Through the illegal downloads, the websites raised online ad revenue on the basis of their heavy traffic while heavy uploaders were often rewarded with cash from the website operators for attracting traffic to their sites, the investigators said.
“More people are using torrent programs with their mobile phones, which increased the number of illegal downloads. We will keep our eyes on copyright infringement through not only torrents, but social media services and other tools,” said Kim Ki-hong, a ministry official.
Torrenting allows users to download a file from multiple users simultaneously and thus more rapidly, replacing the traditional peer-to-peer programs that linked users one-on-one for file sharing.
For instance, to share a movie file using a traditional P2P service such as eDonkey or Soribada, a single user shared the file with another user, which could take up to hours for the receiver to download. However, the torrent allows a user to take bits of the file from multiple file holders at the same time, which shortens the download time to less than three minutes for a film. The downloaded file could also be shared with another seeker without additional measures, which eventually makes all torrent program users a downloader and at the same time, an uploader.
Instead of directly linking an uploader and a downloader, torrent search sites provide seed files, created by an uploader, that contains core information on the location and availability of the desired file. By downloading the intermediary seed file, one can execute the download from an uploader’s computer with a tracker program.
The creative content industry has been fuming over the issue for quite some time. The Film Federation Against Piracy earlier this month investigated 62 torrent file search sites with servers in Korea and found 3.8 million cases of illegal content distribution. These are estimated to have caused more than 84 billion won in damage to the film, TV program, music, game, computer software and publishing industries.
“Since online files can be distributed internationally, the loss for exports could be tremendous. Moreover, it is a great discouragement to people in the industry, knowing that they will not be rewarded properly for their hard work,” said Kim Eui-soo, an official at the federation.
Despite the illegal nature of the torrent activities, officials see no feasible solution that could “legalize” the service by making people pay for the downloads.
The government had previously cut down illegal downloads by requiring P2P operators and data storage service Webhard to register with the Korea Communications Commission, and filing reports on their business activities on a regular basis. The operators also joined hands with the copyright holders and charged the downloaders a fee.
While torrent site operators are held liable for “assisting” in illegal downloads in the U.K. and the U.S., downloading a content file for personal use is often overlooked by the authorities in Korea. Moreover, torrent operators typically shut down their service one day and open another one the next day, making it virtually impossible to keep track of them.

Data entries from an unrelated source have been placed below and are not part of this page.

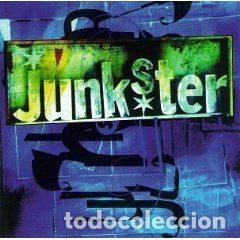 CDs de m&uacute;sica: Junkster &ndash; Junkster (CD, RCA 07863 67467 2) - Foto 1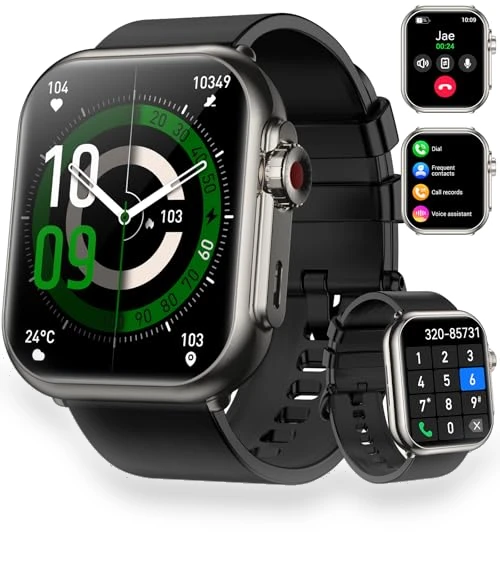 Smart Watch with Call Function — Smartwatches
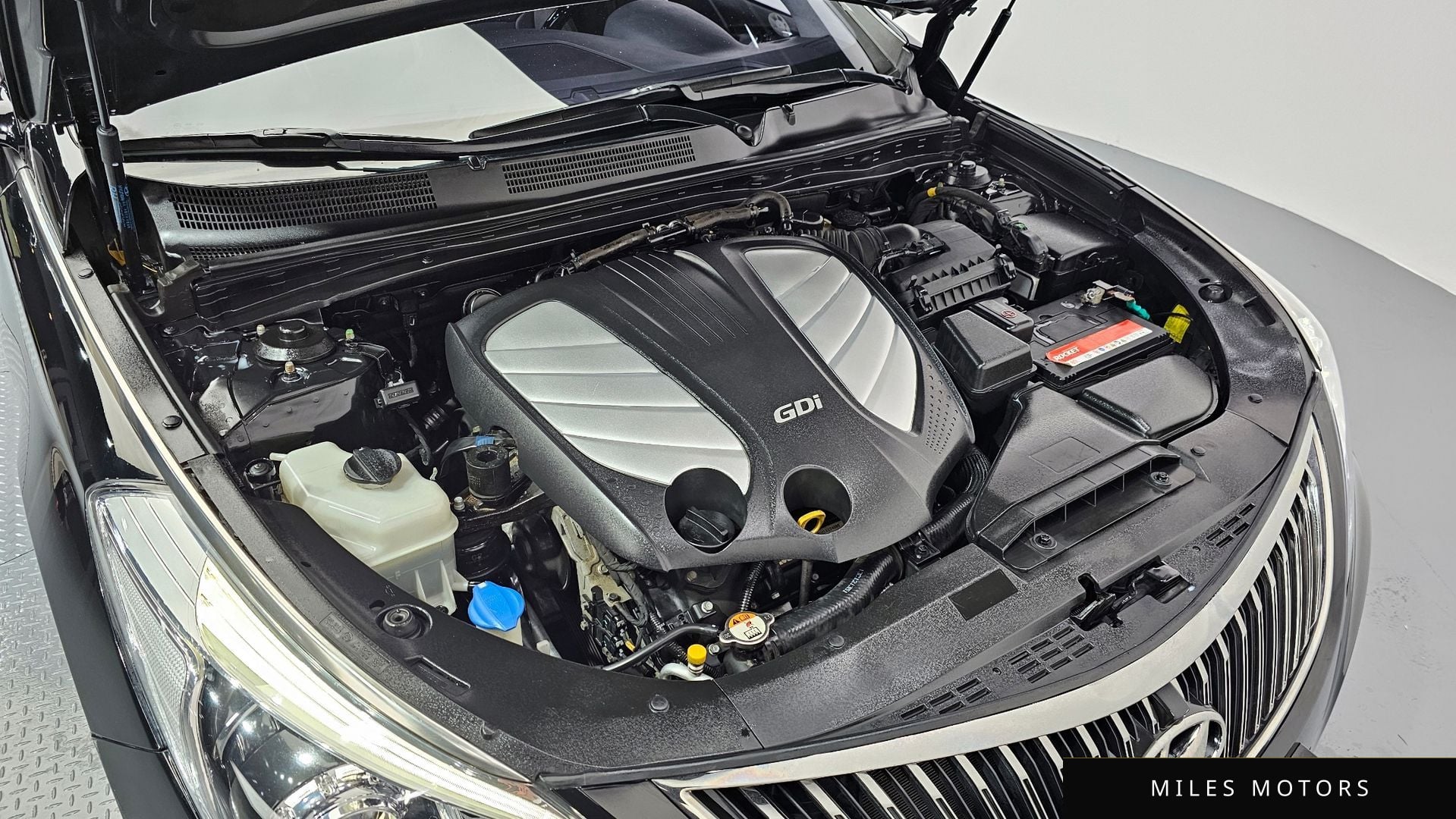 Hyundai Grandeur 2013 — миниатюра 6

“Since files are downloaded bit by bit from different uploaders, it will be difficult for the government or copyright holders to charge a specific person,” admitted Bang Hyo-geun, a Korea Copyright Commission official.
“The purpose of the investigation was not to penalize individuals but to raise awareness that anyone using torrent could be a copyright violator,” he added.
Kim of the film federation had a different idea. “We could insert a specific code within the file and halt the data sharing once the code is detected,” he said. “Or we could take the YouTube case, where people can insert advertisements at the beginning of the program, guaranteeing profits to the content developers. Both are not easy but we could try,” he added.